The Ontario government has made encouraging policy initiatives that help bring innovative high-tech applications to market more efficiently, according to the group representing retail venture capital industry.

The budget released Thursday was well-received by the Retail Venture Funds Association.

The budget released contained far-reaching initiatives that will help the province’s entrepreneurs, scientists and researchers develop and market new technology here instead of other jurisdictions, the RVFA said.

The measures include the proposed investment of $715 million in investments to support innovation, encouraging the development of new products and services, and recognizing the important role innovation plays in Ontario’s economic prosperity.

“This past year has been tough on Ontario workers, but it’s also been tough on venture capital investors and the start-up firms that rely on them,” said RVFA board member John Varghese, managing partner of VentureLink Funds. “The result has been that many early-stage technology companies have not been able to gain access to capital pools at a critical time in their development.

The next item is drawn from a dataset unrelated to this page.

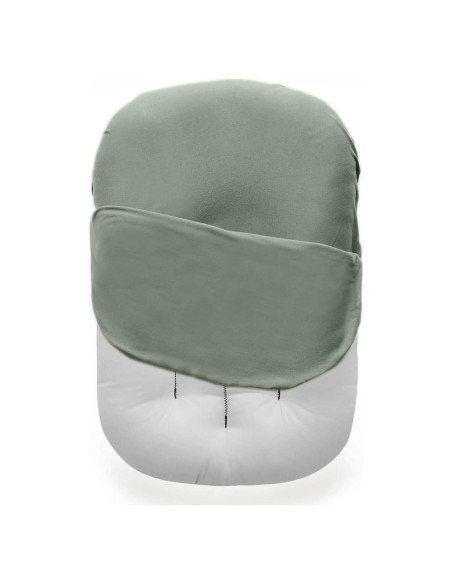 Funda de Cojín para Bebé MOZAH - Algodón Orgánico 78x60cm Verde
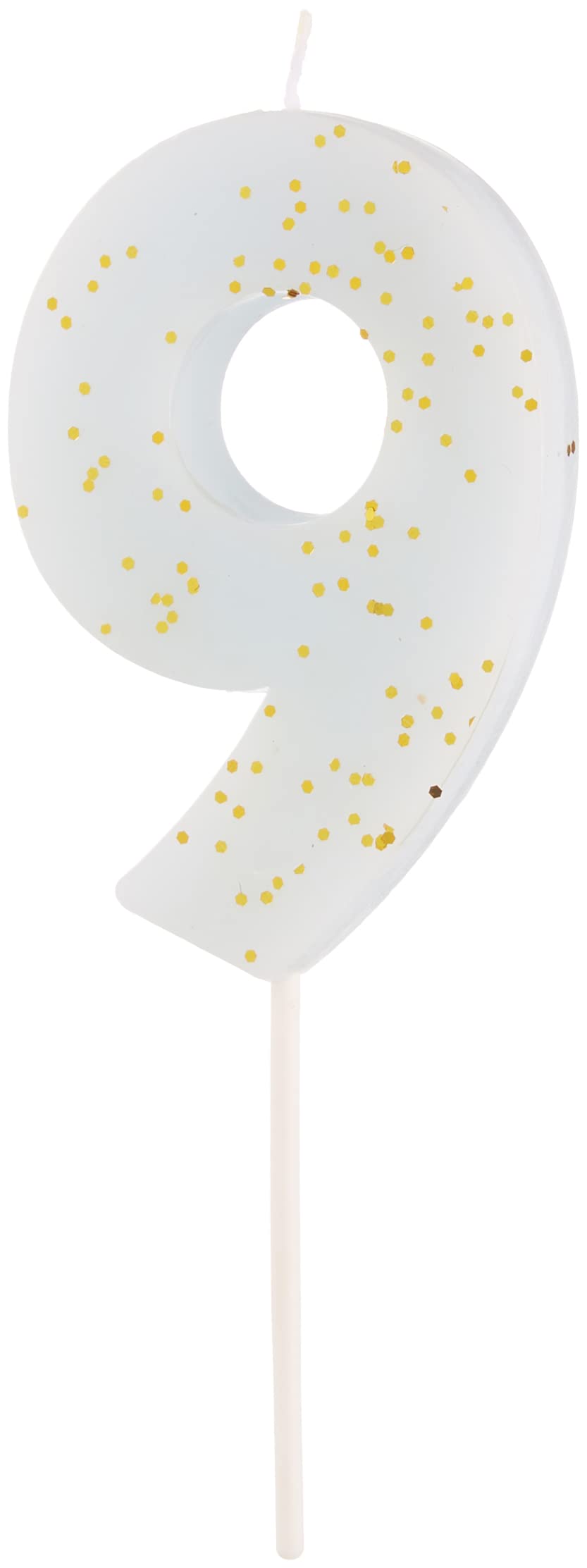 Meri Meri Blue Number 9 Candle - Image 2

The budget measures will help instil confidence in our tech sector and motivate venture capital investors to start investing in innovative Ontario companies again.”

The RVFA is hopeful that the Ontario government will build on measures in the budget and allow investors in its Labour-Sponsored Investment Funds to continue to claim a partial tax credit on their investment.

“Retail venture capital funds are the fuel that will power the Ontario government’s innovation and commercialization agenda outlined in Finance Minister Dwight Duncan’s speech. Venture capital is critical in creating high-paying engineering, research and technology jobs, and will help establish a 21st-Century economy based on knowledge, advanced skills and innovation,” Varghese said.